The following is a guest post from Ryan Gould, Vice President of Strategy and Marketing Services at Elevation Marketing. Enjoy!
Almost 20% of the working day is spent hunting down information from a fellow colleague.
You shouldn’t be. In fact, a 100-employee business spends around 17 hours every single week clarifying communication. That equates to a whopping (and almost unbelievable) $528,443 each year.
In an ideal world, this wouldn’t happen at all. Employees would communicate openly and easily with each other while keeping it professional at all times. Open communication would push projects to get finished successfully and on time, and everyone would be happy 24/7.
It might seem like a pipe dream to reach this nirvana level of communication, but there are ways you can optimize communication between your team members, particularly on a long-term project.
1. Don’t use emails
Despite employees spending a lot of time in their inboxes every day, emails are one of the worst ways to communicate on a project.
Think about it: It’s so easy for an email to slip into a spam folder, for an important person to get left off the CC list, or for someone to simply miss the thread in an already-packed inbox.
Sure, everybody uses email, so it seems like the sensible option. But companies that have highly effective communications are 3.5 times more likely to outperform their competitors, so it’s worth digging around to find a better option.
Want to learn how to kill email novels and decrease your explanatory text by 78%? Check out our communication hacks for project management processes.
2. Choose the right tools
If you’re not using email, you need to use another method to promote and manage communications between team members. For example, if your project involves team members working remotely across the globe, a regular video conference is a great way to keep everyone in the loop about progress and milestones.
In the interim, you might decide to use an instant messaging service for employees to regularly update their progress and ask important questions that need quick answers.
It’s worth taking the time to try out a number of tools until you find something that works for you and your team.
3. Focus on time management
With so many hours being lost every week to simple communication issues, focusing on time management can really work wonders.
For example, if your team is regularly sending short emails to one another to clarify quick things, set a time where they can log all their queries at the end of the day. Alternatively, schedule a meeting once a week where everyone can share their questions and give the answers needed of them.
4. Allow feedback
Feedback is so important for communication to thrive. Teams work better when they know what they’re doing right and wrong and when they can offer their own thoughts on the management of a project and everything in between.
Feedback should be constructive criticism (with constructive being the operative word here). Sending someone a note saying “fix this” when they turn in a project isn’t going to help them figure out what they need to fix.
Instead, you need to provide clear and detailed feedback.
You can also take this one step further and share the feedback with the team at large so that everyone can learn from it.
5. Create a process
Processes are everything when it comes to business and running projects.

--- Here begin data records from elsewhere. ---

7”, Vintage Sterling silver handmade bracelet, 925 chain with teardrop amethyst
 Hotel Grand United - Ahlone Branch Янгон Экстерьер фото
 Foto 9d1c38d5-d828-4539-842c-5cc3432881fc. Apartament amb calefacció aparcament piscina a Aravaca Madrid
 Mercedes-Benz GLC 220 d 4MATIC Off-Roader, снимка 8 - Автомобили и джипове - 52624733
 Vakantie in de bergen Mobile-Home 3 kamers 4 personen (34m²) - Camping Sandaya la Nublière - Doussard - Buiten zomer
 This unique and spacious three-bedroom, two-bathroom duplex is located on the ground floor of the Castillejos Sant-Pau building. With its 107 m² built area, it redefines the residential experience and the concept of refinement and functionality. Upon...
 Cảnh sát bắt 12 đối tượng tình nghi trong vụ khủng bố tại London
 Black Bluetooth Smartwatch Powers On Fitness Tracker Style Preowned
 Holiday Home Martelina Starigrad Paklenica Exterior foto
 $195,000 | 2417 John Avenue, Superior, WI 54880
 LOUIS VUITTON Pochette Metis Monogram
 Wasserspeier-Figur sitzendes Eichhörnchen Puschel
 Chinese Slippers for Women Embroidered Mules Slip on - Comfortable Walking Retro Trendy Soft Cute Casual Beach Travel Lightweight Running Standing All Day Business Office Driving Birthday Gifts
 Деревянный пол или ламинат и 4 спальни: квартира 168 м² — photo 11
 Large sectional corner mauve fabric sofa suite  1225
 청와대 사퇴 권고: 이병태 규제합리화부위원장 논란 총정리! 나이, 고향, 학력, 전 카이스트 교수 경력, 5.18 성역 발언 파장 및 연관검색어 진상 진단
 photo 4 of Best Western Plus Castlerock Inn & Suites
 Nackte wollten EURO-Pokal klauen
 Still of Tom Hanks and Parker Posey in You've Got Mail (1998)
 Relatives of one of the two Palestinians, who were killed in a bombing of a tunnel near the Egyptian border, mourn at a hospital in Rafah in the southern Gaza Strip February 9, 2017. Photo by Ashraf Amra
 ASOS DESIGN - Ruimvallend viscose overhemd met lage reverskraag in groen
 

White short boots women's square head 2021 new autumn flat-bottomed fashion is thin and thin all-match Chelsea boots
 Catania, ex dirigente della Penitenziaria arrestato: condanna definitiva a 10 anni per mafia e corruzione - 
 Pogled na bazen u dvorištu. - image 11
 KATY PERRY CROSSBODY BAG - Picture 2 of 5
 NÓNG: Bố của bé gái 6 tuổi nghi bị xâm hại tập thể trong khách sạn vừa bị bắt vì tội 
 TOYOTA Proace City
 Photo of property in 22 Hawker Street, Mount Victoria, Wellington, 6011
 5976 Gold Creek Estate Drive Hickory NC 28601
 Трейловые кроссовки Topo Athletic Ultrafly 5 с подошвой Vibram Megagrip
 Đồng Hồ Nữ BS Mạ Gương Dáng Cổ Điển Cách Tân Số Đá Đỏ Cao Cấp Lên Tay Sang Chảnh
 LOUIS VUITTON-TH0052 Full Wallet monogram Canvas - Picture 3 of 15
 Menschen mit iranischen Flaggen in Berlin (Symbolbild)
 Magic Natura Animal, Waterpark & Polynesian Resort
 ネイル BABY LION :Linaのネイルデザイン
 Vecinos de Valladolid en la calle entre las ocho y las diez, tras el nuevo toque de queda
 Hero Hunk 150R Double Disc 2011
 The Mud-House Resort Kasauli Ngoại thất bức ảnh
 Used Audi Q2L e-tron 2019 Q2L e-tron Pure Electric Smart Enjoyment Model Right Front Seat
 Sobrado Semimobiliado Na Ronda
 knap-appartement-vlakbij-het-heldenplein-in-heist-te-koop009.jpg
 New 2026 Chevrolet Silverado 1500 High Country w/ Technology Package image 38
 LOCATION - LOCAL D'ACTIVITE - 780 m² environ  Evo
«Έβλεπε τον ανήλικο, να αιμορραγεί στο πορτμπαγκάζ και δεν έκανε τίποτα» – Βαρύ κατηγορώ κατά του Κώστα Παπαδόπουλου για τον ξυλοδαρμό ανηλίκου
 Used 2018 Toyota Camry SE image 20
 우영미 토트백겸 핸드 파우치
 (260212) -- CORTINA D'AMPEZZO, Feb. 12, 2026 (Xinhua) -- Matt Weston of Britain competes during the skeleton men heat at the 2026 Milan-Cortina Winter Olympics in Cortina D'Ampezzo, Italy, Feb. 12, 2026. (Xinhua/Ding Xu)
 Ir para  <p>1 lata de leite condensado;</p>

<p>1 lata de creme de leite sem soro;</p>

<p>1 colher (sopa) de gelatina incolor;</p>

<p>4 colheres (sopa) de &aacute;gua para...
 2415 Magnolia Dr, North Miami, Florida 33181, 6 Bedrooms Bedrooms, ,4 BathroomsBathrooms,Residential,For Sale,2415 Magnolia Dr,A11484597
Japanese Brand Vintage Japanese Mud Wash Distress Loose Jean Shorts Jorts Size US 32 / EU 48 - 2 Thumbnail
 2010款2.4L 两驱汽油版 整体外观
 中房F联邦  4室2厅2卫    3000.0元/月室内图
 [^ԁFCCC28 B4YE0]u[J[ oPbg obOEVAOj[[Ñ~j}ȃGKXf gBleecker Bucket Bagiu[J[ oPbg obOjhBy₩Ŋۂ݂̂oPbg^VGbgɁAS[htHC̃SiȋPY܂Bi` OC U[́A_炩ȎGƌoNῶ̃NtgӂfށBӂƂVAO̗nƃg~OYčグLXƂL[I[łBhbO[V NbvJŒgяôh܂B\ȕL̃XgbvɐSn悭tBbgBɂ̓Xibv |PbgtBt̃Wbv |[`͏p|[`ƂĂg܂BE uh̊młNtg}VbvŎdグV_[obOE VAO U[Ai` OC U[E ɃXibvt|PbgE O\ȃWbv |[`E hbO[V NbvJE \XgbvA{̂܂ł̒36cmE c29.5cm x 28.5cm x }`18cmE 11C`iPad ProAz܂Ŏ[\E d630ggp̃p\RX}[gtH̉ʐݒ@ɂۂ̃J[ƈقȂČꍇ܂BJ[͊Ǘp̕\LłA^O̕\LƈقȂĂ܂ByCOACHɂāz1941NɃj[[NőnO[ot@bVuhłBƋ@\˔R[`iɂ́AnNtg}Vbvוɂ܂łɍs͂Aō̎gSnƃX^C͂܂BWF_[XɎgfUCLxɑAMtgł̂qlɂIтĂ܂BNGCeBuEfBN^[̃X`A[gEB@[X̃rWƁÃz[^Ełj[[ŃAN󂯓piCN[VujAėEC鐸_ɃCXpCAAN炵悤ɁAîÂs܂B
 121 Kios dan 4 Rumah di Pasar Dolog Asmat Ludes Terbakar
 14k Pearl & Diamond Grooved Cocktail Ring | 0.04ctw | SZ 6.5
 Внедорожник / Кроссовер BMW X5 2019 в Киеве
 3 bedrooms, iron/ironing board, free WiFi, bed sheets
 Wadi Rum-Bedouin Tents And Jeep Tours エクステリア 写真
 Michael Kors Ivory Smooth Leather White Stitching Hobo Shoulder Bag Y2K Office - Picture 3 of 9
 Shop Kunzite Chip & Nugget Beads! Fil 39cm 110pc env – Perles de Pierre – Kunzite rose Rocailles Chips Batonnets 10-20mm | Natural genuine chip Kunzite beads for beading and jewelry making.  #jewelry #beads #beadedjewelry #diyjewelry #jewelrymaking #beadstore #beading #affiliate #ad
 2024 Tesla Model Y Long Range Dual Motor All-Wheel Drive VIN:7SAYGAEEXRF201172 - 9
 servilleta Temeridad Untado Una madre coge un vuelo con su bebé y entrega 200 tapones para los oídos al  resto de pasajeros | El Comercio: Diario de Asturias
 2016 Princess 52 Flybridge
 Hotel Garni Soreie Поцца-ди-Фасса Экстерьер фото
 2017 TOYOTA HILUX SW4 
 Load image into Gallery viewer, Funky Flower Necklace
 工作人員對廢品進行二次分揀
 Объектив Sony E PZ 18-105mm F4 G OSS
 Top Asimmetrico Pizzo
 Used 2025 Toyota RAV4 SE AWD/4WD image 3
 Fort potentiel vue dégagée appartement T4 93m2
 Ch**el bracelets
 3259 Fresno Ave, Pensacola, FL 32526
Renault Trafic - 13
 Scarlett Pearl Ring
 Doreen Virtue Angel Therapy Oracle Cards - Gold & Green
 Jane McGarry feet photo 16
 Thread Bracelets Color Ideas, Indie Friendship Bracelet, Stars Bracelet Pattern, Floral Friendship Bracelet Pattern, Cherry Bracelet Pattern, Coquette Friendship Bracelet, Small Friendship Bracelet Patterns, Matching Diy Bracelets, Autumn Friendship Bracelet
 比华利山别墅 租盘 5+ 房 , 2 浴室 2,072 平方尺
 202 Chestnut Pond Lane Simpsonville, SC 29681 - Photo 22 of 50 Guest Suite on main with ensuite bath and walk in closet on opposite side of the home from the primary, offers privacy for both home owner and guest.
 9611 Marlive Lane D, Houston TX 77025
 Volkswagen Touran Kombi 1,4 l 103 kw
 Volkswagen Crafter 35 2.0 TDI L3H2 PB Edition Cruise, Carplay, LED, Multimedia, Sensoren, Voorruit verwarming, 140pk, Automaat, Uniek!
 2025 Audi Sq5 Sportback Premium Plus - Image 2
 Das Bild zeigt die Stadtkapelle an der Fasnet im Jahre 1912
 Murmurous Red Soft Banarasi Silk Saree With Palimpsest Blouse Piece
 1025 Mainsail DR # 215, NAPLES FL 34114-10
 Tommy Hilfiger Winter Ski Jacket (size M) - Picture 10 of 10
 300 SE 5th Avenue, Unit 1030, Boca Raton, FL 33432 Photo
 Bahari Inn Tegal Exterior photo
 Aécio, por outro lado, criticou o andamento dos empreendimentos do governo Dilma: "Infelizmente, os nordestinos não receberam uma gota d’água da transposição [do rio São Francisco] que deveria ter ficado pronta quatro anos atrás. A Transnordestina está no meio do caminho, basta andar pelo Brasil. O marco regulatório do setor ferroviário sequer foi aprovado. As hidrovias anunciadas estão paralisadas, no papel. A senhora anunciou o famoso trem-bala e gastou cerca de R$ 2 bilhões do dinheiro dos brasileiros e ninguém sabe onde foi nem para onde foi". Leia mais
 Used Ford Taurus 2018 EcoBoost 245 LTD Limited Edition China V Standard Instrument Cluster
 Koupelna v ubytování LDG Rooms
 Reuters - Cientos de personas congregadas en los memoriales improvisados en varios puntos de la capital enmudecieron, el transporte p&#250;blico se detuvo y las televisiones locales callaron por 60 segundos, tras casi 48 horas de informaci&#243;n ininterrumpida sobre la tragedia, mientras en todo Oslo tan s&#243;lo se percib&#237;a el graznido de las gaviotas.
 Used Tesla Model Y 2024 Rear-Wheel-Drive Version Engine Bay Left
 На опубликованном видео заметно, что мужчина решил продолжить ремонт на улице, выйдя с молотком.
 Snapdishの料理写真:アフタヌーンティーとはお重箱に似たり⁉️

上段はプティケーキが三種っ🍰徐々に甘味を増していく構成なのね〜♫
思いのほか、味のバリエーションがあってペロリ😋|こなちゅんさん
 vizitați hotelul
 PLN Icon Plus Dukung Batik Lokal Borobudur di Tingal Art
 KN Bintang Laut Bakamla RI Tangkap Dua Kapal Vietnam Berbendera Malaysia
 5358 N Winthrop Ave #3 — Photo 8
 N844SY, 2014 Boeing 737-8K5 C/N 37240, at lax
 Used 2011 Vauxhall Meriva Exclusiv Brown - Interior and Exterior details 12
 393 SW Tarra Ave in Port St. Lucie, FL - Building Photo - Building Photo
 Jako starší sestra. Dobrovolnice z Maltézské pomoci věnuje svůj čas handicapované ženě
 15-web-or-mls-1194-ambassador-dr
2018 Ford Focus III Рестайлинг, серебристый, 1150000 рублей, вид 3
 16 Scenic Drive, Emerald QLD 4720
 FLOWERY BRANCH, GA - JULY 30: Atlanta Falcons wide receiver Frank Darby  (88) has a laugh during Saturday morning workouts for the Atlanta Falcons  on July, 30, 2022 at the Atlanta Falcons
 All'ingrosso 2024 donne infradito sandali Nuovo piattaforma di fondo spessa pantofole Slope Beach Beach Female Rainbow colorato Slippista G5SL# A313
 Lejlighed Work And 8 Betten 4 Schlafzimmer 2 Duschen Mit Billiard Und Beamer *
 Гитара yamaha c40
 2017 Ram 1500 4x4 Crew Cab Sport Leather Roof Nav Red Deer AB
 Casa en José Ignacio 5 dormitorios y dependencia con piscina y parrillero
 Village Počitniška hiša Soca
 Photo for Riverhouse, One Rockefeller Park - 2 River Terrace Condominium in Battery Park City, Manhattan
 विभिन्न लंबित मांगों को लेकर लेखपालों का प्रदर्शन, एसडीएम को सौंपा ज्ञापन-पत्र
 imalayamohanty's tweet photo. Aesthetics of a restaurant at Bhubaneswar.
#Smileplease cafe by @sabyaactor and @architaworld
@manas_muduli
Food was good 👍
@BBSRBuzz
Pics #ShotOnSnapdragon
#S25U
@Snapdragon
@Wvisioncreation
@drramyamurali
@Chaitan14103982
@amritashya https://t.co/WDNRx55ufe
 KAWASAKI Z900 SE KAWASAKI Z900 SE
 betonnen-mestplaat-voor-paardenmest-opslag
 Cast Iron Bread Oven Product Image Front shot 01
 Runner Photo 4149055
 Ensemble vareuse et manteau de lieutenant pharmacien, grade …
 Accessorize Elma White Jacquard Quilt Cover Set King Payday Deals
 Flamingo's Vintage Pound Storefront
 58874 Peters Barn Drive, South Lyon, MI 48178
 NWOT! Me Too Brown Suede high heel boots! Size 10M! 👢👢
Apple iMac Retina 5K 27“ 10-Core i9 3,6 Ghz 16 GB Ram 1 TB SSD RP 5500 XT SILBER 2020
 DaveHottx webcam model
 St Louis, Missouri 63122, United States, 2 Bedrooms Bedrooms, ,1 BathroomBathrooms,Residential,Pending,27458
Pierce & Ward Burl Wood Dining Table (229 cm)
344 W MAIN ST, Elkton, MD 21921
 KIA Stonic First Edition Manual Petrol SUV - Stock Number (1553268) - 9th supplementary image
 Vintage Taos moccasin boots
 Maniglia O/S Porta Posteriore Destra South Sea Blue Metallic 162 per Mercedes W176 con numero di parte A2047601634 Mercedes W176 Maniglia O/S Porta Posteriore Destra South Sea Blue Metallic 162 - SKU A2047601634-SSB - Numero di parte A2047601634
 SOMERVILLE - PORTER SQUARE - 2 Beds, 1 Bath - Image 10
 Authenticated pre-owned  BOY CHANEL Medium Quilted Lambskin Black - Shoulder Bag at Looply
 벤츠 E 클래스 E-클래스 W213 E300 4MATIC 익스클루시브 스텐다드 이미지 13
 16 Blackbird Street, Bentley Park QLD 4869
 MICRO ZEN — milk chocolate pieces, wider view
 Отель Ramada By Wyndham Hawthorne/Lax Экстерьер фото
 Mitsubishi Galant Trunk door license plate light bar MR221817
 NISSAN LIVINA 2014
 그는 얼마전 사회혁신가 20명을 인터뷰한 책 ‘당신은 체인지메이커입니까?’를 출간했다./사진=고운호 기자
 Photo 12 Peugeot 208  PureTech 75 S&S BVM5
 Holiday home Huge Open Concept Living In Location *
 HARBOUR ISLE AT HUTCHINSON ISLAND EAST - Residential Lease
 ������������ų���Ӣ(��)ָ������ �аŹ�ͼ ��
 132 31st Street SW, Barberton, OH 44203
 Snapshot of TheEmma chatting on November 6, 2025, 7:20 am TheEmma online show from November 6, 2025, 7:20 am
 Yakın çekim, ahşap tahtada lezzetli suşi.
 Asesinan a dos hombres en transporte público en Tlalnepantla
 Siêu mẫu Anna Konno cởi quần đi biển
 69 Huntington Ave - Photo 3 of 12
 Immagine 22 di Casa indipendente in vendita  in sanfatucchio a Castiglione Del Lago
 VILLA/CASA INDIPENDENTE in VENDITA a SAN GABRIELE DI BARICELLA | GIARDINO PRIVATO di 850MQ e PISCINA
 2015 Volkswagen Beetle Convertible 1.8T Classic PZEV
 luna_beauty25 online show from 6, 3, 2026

Without them, projects can feel a bit scattered and overwhelming. Again, it’s important to figure out a process that works for you and your team—and this usually takes a certain amount of trial and error.
Successful teams are made up of team members who are purposeful with their actions and who work systematically and strategically, which often means that they log their processes and analyze the results of what they’ve done so far.
You can use a platform like Lucidchart to map out your processes so all team members can see the next steps they need to take both individually and collectively. Visuals give the whole team an overview of the bigger picture so everyone can see who’s working towards what and when. As a result, this will eliminate much of the back and forth of asking questions and chasing down colleagues.
6. Nurture a collaborative environment
Putting processes in place, adopting the right tools, and providing feedback are all important if you want your project to progress smoothly and successfully. But, when it comes to creating communication that works for your team, you have to start by creating an environment that makes your employees want to communicate with each other.
And communicating about projects shouldn’t just be limited to designated meetings and messenger channels.
Instead, you can use staff downtime to nurture the communication vibe and warm your team up to sharing their thoughts on a project. In fact, a Harvard Business Review report showed that improving communication on set coffee breaks accounted for more than 50% of positive changes in communication patterns.
Creating a collaborative environment may be difficult if it’s your first time doing so. Thankfully, you can bring in an outside expert, such as Elevation Marketing, to help you build a communication strategy that works best for your team.
Start small, dream big
Optimizing team communication won’t happen overnight. It actually takes time to introduce employees to the idea of sharing their ideas and feedback, but taking it one step at a time will help you move in the right direction.
Creating processes, choosing the right tools, and encouraging constructive feedback all go a long way in ensuring that your long-term projects run without a hitch.